Notes: Computational analysis of move structures in academic abstracts

Reference:

Wu, J. C., Chang, Y. C., Liou, H. C., & Chang, J. S. (2006, July). Computational analysis of move structures in academic abstracts. In Proceedings of the COLING/ACL on Interactive presentation sessions (pp. 41-44). Association for Computational Linguistics.

Background:

  • Swales pattern for research articles: Introduction, Methods, Results, Discussion (IMRD) and Creating a Research Space (CARS) model.
  • Studying the rhetorical structure of tests is found to be useful to aid reading and writing (Mover tool notes here).

Purpose:

  • To automatically analyze move structures (Background, Purpose, Method, Result, and Conclusion) from research article abstracts.
  • To develop an online learning system CARE (Concordancer for Academic wRiting in English) using move structures to help novice writers.

Method:

  • Processes involved:

care-system

  • TANGO Concordancer used for extracting collocations with chunking and clause information – Sample¬† Verb-Noun collocation structures in corpus: VP+NP, VP+PP+NP, and VP+NP+PP (Ref: Jian, J. Y., Chang, Y. C., & Chang, J. S. (2004, July).
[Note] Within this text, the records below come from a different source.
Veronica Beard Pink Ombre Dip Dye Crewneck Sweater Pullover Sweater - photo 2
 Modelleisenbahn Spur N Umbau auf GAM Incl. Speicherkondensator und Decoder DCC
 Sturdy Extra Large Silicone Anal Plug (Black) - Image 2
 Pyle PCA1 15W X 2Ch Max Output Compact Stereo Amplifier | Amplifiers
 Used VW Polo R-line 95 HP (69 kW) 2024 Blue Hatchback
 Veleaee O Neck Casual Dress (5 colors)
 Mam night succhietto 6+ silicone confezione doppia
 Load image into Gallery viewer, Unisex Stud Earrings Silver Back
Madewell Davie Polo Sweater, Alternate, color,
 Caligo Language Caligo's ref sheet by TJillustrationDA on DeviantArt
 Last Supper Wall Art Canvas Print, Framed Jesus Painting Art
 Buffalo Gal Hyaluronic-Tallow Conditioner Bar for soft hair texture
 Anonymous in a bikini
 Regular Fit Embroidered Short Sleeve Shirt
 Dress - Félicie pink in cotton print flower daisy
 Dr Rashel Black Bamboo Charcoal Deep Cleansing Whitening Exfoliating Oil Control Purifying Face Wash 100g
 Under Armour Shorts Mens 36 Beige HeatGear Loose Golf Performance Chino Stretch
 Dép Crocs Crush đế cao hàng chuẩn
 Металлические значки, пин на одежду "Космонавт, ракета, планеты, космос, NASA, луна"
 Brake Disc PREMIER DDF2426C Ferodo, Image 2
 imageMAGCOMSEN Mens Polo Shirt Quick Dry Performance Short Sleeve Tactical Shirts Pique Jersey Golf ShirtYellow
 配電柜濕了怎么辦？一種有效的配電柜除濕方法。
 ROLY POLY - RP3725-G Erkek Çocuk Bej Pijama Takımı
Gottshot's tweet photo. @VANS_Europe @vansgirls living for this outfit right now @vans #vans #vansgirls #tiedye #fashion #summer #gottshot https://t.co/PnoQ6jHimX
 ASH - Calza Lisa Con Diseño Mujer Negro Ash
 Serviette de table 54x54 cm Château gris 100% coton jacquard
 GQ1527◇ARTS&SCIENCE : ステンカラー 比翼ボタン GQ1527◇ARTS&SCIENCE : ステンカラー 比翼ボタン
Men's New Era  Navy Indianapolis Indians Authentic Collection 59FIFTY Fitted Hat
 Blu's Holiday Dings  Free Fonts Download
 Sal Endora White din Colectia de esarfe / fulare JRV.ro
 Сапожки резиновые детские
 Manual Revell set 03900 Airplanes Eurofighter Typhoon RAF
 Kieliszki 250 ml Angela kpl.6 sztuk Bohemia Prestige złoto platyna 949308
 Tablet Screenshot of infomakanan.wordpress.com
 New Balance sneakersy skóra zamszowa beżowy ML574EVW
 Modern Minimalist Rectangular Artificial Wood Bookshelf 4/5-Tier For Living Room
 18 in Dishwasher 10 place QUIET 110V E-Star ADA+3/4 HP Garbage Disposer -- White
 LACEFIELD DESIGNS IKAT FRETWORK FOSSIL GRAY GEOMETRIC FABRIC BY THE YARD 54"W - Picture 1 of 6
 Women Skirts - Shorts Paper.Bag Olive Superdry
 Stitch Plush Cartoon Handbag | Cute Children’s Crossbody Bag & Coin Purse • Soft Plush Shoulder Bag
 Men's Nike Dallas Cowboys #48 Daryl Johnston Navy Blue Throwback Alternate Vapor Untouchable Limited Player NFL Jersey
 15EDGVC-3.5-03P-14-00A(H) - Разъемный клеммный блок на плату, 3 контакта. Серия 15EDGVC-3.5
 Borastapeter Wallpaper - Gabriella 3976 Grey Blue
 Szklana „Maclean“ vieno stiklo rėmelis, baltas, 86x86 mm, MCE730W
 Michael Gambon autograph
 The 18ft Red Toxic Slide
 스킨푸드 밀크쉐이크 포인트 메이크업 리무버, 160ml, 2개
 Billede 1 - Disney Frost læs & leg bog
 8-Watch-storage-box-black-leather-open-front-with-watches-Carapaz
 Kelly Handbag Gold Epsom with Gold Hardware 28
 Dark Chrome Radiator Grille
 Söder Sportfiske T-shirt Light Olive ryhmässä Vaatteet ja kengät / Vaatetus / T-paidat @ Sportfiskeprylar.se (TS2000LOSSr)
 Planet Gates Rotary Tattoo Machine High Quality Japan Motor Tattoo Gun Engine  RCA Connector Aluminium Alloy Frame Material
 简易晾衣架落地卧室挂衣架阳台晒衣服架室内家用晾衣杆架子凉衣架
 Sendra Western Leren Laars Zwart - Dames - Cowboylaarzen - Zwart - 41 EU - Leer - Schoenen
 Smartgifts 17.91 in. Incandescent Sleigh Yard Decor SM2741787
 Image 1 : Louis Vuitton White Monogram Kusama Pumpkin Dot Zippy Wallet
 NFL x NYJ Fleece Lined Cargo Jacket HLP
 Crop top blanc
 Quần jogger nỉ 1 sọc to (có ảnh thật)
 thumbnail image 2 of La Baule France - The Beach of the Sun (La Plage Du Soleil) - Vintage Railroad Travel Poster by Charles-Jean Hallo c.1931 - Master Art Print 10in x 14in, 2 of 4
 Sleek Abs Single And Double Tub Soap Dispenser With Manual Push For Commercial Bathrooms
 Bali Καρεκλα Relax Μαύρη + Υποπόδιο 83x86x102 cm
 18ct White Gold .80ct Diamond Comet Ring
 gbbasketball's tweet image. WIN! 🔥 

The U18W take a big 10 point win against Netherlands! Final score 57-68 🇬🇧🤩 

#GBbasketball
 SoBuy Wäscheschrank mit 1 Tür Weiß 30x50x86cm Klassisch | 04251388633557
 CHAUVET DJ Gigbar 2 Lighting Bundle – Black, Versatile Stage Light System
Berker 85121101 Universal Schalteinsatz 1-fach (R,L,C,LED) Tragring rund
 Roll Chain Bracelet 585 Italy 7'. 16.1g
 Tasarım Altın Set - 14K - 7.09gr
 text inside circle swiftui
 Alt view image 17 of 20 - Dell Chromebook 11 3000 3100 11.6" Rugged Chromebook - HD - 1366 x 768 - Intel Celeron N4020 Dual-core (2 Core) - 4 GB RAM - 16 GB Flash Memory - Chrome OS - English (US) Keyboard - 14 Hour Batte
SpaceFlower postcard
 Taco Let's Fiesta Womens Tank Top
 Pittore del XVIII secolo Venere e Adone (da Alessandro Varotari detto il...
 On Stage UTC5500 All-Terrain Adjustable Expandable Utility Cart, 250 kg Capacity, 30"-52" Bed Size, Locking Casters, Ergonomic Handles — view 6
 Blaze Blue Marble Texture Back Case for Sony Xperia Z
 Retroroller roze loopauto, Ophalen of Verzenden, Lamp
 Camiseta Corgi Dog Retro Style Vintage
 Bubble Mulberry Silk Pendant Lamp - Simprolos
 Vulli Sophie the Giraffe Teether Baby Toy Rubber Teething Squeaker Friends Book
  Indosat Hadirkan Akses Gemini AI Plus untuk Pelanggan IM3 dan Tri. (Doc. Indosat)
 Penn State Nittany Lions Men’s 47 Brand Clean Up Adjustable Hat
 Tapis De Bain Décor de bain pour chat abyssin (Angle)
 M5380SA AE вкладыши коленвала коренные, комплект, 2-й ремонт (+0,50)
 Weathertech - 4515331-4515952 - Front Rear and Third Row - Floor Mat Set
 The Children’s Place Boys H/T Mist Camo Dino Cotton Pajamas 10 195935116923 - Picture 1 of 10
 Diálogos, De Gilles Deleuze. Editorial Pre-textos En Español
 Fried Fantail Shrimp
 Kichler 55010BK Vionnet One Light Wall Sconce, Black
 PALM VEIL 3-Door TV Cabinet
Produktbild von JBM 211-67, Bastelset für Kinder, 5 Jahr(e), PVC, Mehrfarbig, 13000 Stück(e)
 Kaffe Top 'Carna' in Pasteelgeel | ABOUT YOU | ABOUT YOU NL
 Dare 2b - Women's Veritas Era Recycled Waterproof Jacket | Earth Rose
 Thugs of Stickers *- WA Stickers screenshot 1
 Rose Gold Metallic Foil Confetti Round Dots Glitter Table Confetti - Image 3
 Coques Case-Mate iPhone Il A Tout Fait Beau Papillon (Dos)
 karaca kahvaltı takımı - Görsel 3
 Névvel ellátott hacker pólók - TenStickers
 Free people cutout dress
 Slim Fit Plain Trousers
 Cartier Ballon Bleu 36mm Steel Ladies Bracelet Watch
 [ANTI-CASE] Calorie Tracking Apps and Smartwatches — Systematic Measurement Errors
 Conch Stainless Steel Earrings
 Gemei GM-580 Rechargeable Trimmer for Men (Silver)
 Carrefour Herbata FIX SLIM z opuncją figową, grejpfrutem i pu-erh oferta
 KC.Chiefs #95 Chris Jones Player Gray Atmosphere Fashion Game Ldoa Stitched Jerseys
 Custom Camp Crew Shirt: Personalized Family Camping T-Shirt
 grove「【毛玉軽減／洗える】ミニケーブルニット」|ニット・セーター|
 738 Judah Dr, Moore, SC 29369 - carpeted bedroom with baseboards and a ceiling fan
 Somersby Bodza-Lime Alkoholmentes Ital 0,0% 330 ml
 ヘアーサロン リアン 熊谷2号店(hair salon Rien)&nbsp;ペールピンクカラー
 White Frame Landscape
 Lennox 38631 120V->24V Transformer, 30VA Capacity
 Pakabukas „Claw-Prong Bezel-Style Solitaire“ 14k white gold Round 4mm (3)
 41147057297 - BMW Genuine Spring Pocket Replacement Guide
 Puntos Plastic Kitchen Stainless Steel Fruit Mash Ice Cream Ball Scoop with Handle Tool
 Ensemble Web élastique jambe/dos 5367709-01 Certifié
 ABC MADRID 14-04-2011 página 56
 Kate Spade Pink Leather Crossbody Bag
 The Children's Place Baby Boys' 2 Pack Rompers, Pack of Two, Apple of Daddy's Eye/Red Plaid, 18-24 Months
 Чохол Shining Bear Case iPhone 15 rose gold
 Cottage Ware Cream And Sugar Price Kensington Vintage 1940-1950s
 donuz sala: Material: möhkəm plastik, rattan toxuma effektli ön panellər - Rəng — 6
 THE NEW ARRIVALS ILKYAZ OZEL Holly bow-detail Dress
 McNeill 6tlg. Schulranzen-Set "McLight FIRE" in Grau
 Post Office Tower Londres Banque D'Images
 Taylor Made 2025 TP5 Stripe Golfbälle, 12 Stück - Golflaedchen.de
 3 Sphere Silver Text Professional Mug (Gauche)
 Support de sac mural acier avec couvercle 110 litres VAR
TANGO: Bilingual collocational concordancer. In Proceedings of the ACL 2004 on Interactive poster and demonstration sessions (p. 19). Association for Computational Linguistics.)
    • TANGO Tool accessible here.
  • Data: Corpus of 20,306 abstracts (95,960 sentences) from Citeseer. Manual tagging of moves in 106 abstracts containing 709 sentences. 72,708 collocation types extracted and manually tagged 317 collocations with moves.
  • Hidden Markov Model (HMM) trained using 115 abstracts containing 684 sentences.
  • Different parameters evaluated for the HMM model: “the frequency of collocation types, the number of sentences with collocation in each abstract, move sequence score and collocation score”

Results:

  • Precision of 80.54% achieved when 627 sentences were qualified with following parameters: weight of transitional probability function 0.7 , frequency threshold for a collocation to be applicable – 18 (crucial to exclude unreliable collocation).

Conclusion:

  • CARE system interface created for querying and looking up sentences for a specific move.
  • System is expected to help non native speakers write abstracts for research articles.